On 06/02/12 07:58, Pavel Tkachenko wrote:
Making markup language-neutral is easy enough: even a
single person
can carry on the research to find keyboard symbols that are easily
accessible across different language standards. From my experience
they are ! % * ( ) - = _ and +. This will eliminate the need to layout
switches (for example, currently a Russian Wikipedia editor must
switch layout 5 times in typing simple "<u>underline</u>" since
neither < nor > are present in Russian layout;
No. It's not easy. It's painful.
The goal of wikitext is to make html editing easy.
HTML only needs a few special characters: <>&;=" but it's bothersome.
So instead of
<ul>
<li>Dogs
<li>Cats
<li>Hens
</ul>
We define that * is a bullet and serves to make lists:
* Dogs
* Cats
* Hens
It's easier to type, and looks good.
Then we also want numbered lists. Instead of
<ol>
<li>One
<li>Two
<li>Three
</ol>
We define # as the equivalent for numbered lists. Note that there's no
usage of # for numbers in many cultures, so that's less 'visual' there.
# One
# Two
# Three
You then continue adding tricks of "this looks like", sometimes needing
a bery crazy mind. But each feature requires new symbols, and when you
look at those available on every layout, you get *very* limited...
For example, I could decide to list imagemaps as `Image1´ `Image2´...
(grave and acute), but oh, many keyboards don't have both accents.
(I happen to have both, but had to copy the acute because it rejected
being displayed alone, converting to an apostrophe...)
And obviously, you can't use something that would easily appear in a
normal text (or you start defining escape codes which are uglier, too).

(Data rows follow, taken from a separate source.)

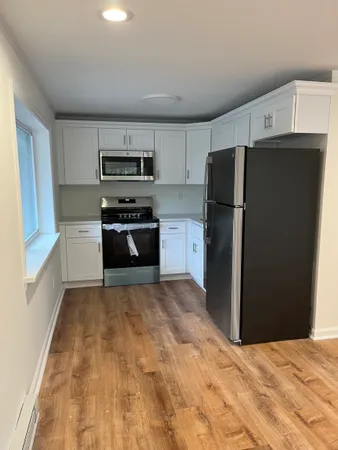 a kitchen with granite countertop a refrigerator and a stove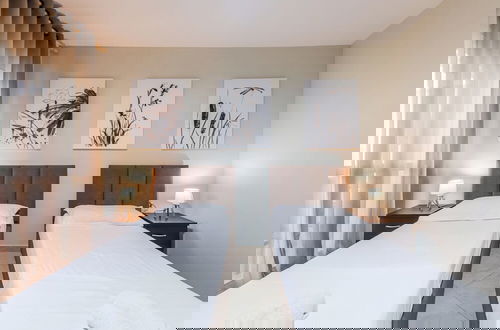 Foto 3 - Kondo Stays - City Center Apartments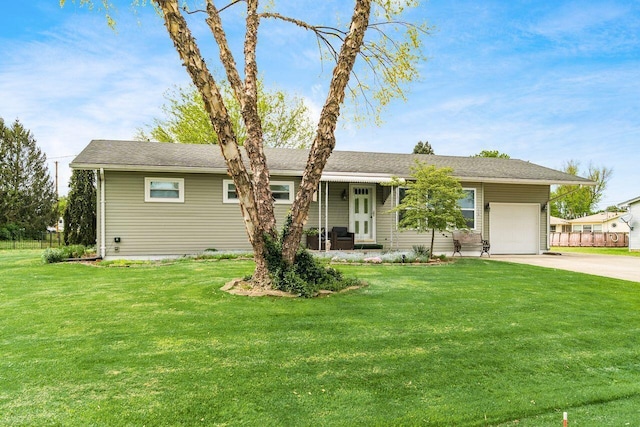 ranch-style house with driveway, a front lawn, and a garage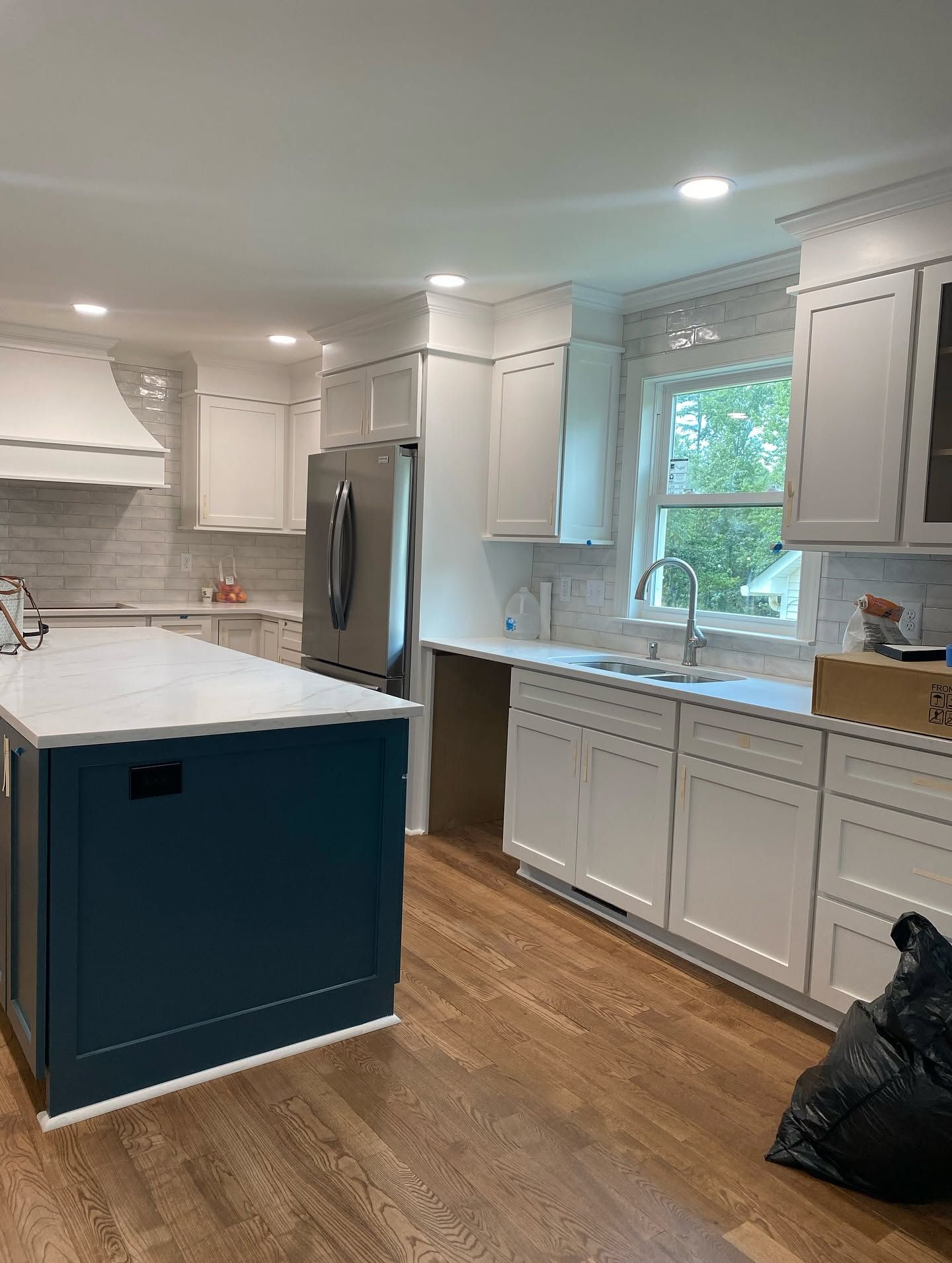 Bright kitchen with white cabinets, blue island, stainless fridge, wood floor, and a window over the sink.
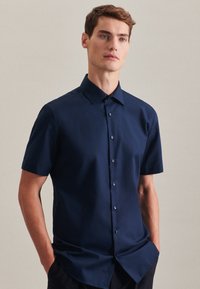 Camicia da uomo a maniche corte in tessuto blu scuro, con colletto a punta e chiusura con bottoni. Taglio aderente con una texture liscia.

My study indicates that the number of available
symbols will allow to
avoid HTML-style tags completely - this will further simplify the
markup. For instance, instead of <u> "__" can be used; <ref> can
be
replaced by "[[*ref]]" for uniformity with links; and so on. I am
ready to give expanded explanation if anyone is interested.
How do you type the *content* of the references?

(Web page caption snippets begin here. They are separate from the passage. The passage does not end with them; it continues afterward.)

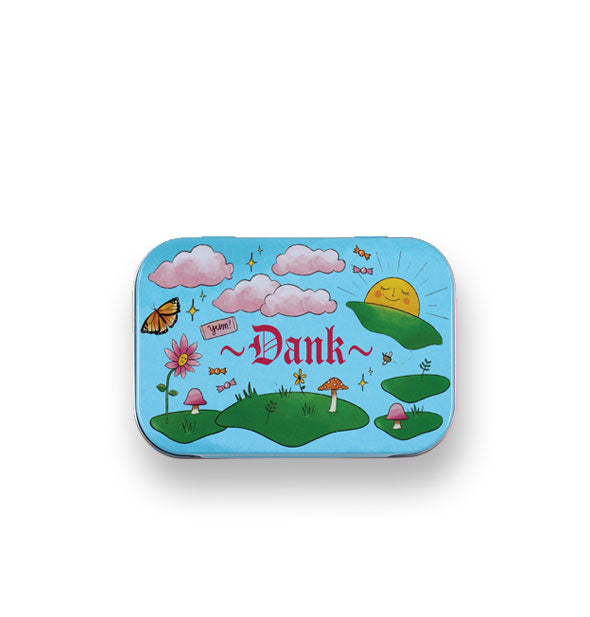 Rectangular sky blue tin lid with rounded corners features whimsical illustrations of a smiling sun, puffy clouds, orange butterfly, pink flower, mushrooms, patches of grass, and says, "Dank" in the center in red Gothic lettering flanked by two tildes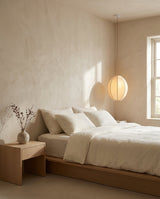 Elvara Curated Iron & Glass Pendant Light warm illuminated room view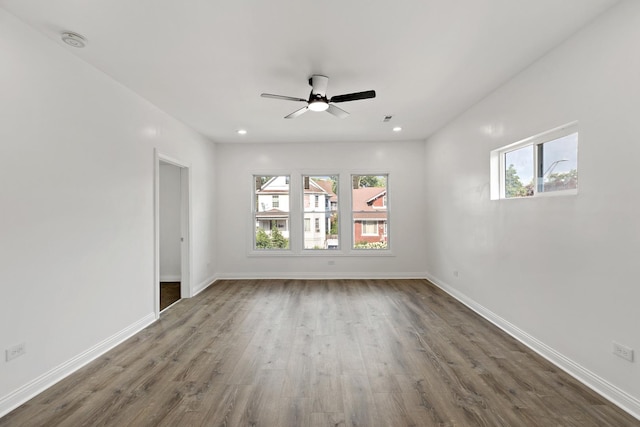 1668 Buena Vista Ave, Chicago Heights, IL 60411 - empty room with a smoke detector, healthy amount of natural light, dark wood-style flooring, ceiling fan, and recessed lighting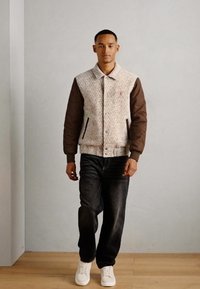 Giacca trapuntata con motivo a spina di pesce in beige e marrone, con maniche marroni scure, tasche laterali e chiusura a pulsante. Abbinata a jeans scuri e sneakers bianche.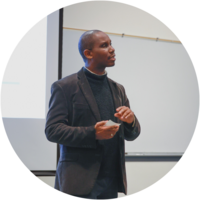 Photo of Dr. Pilgrim speaking in a classroom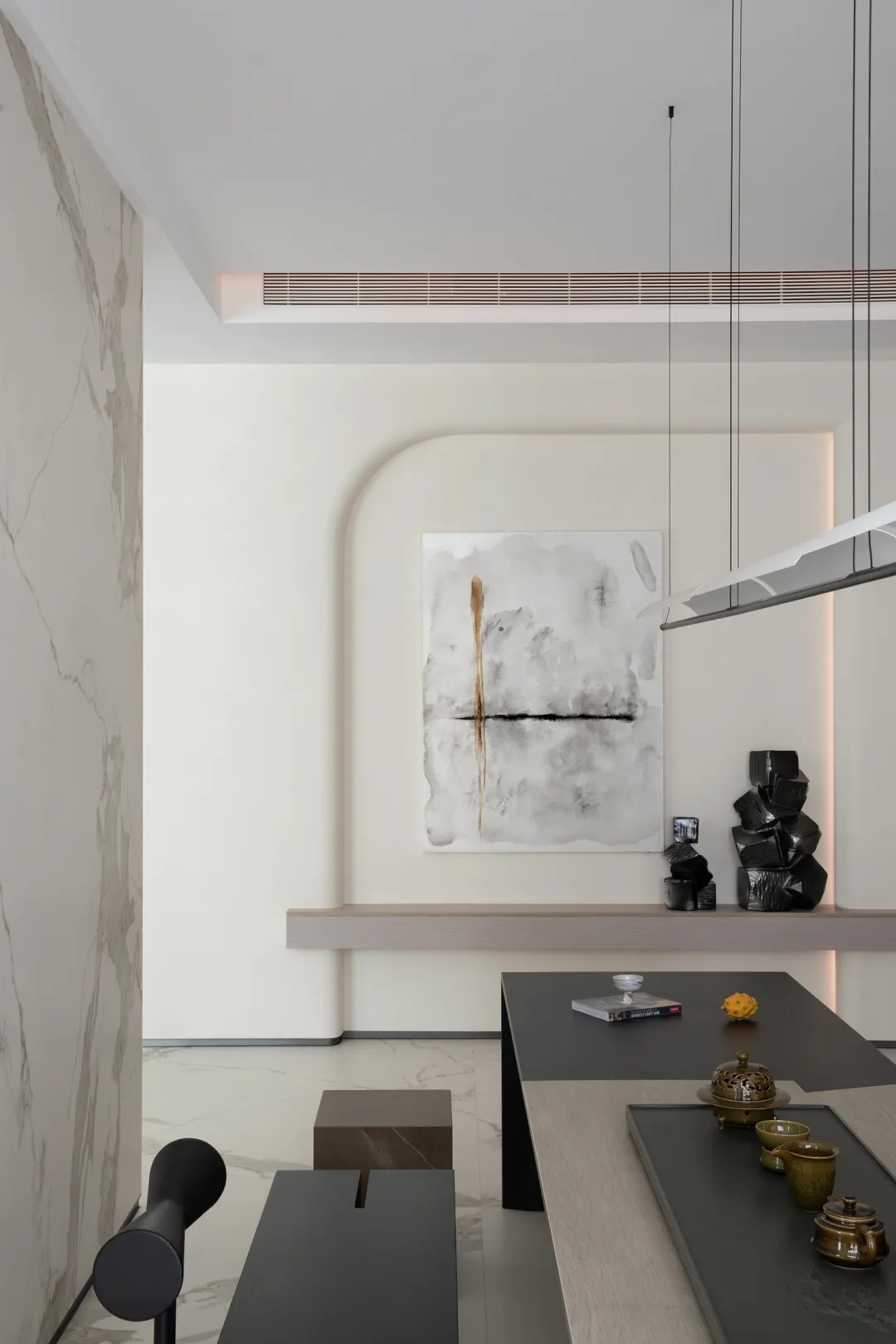 A modern interior design featuring a marble and concrete wall in a living and dining room setting.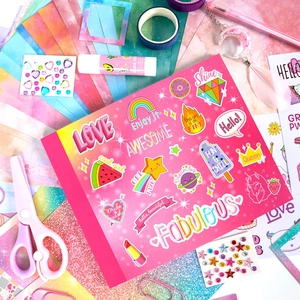 Pink DIY journal kit for girls featuring scrapbook stickers and decorative stationery items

the same goes for links: "[[link]]" and
"[[link|caption]]" - pipe is
also not present [in Russian layout]
[]| are some of the very few forbidden characters in the titles. That's
why we can take advantage of them for title splitting.
How would you differenciate between link target (page title) and link
caption?
It's simple to start defining a sensible syntax. But when you want to
"go further", you start being limited. The most sane approach is
probably to fall back to <tags> and leave them in the "complex" section.

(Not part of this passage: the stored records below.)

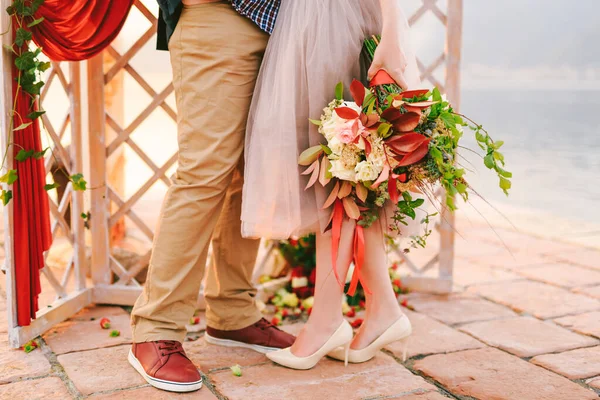 Bräutigam und Braut mit einem Blumenstrauß stehen auf einer Steinfliese vor dem Hintergrund einer geschnitzten Leinwand, die mit rotem Vorhang und Grün dekoriert ist. Nahaufnahme — Stockfoto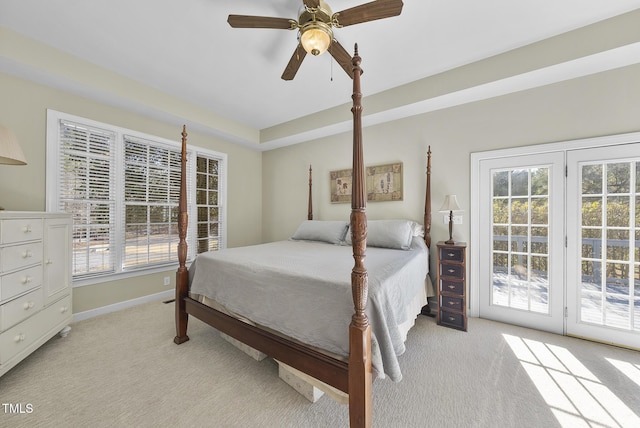 bedroom featuring ceiling fan, access to exterior, light carpet, and multiple windows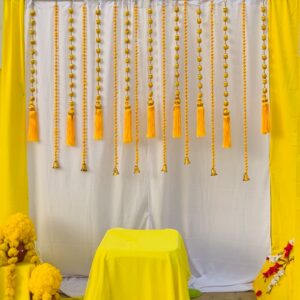 Yellow Pom pom hangings +Backdrop curtains stage decor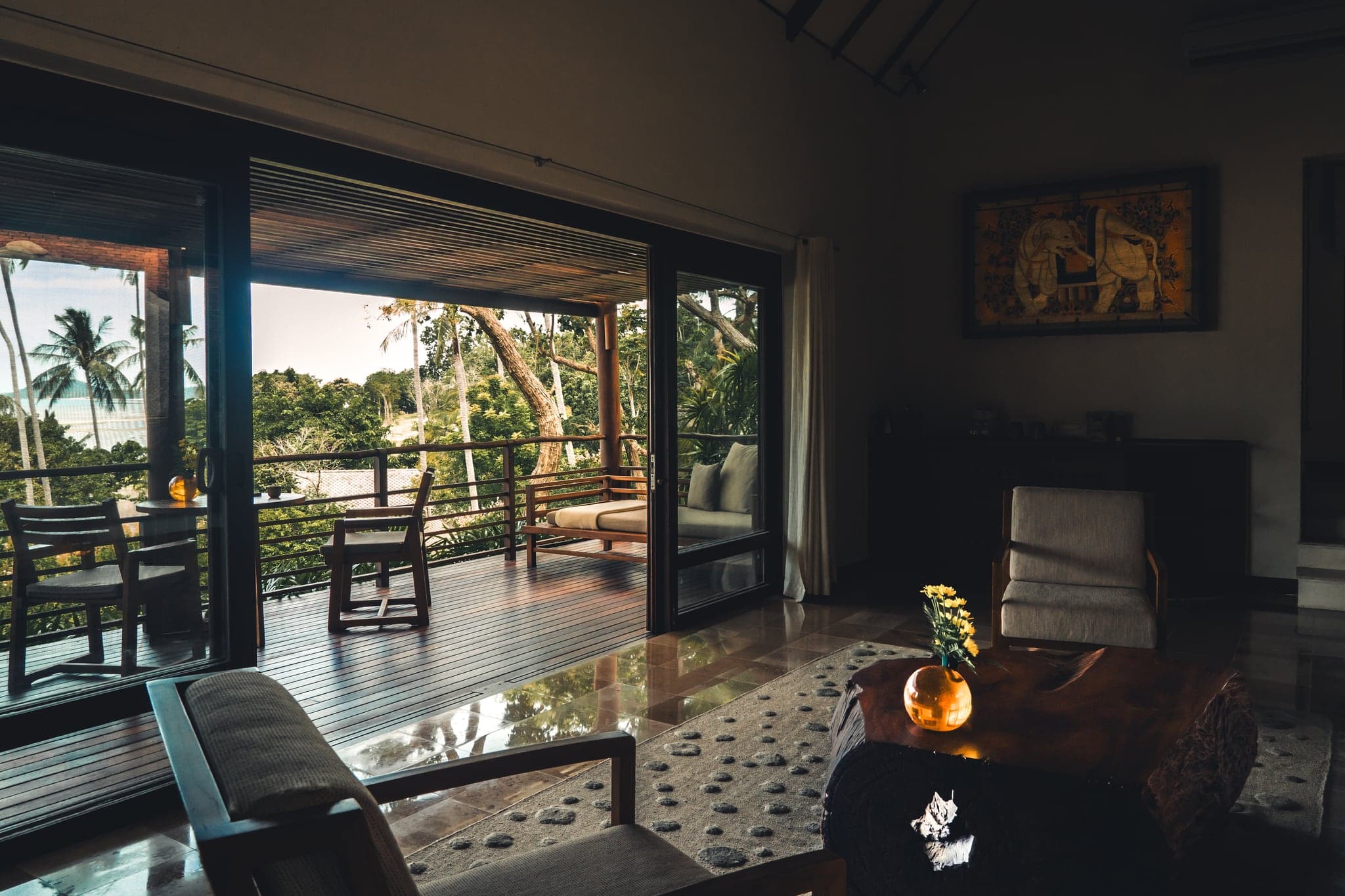 El salón de una villa de Kamalaya, con muebles de madera y puertas abiertas a una terraza, con palmeras y el mar al fondo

Why <> and not anything else? Just because that's what the underlying
html uses. Some people is already familiar with that, too.
See, mediawiki didn't define <u> as wikitext for underline.
It allows some html as, including <i> <b> and <u>. <i> and
<b> have
friendly counterparts*, <u> has not. The reason being that use of
underlining is discouraged.
*And that also turned out to have issues, ever tried to write wikitext
in piedmontese?
Special tokens like #REDIRECT, {{-}},
<imagemap>, __TOC__, etc. that
all use different syntaxes can be uniformized in a way similar to
template insertions: {{redir New page}}, {{clear}}, {{imagemap
image.png, title x y, ...}}, {{TOC}} and so on. Templates can be
called as {{tpl template arg arg arg}} - even if we keep { and } that
require layout switch in some languages we eliminate the pipe which
just makes things worse and text - less readable.
{{-}} is not a wikitext token. #REDIRECT and __TOC__ are a sad effect of
separate building of contents. They are incoherent with the rest of the
syntax.
Note you can (and some wikis do) use a {{TOC}} template. You can't wrap
#REDIRECT in a template, though, because the redirect applies to the
template itself (unless you use some odd escaping?)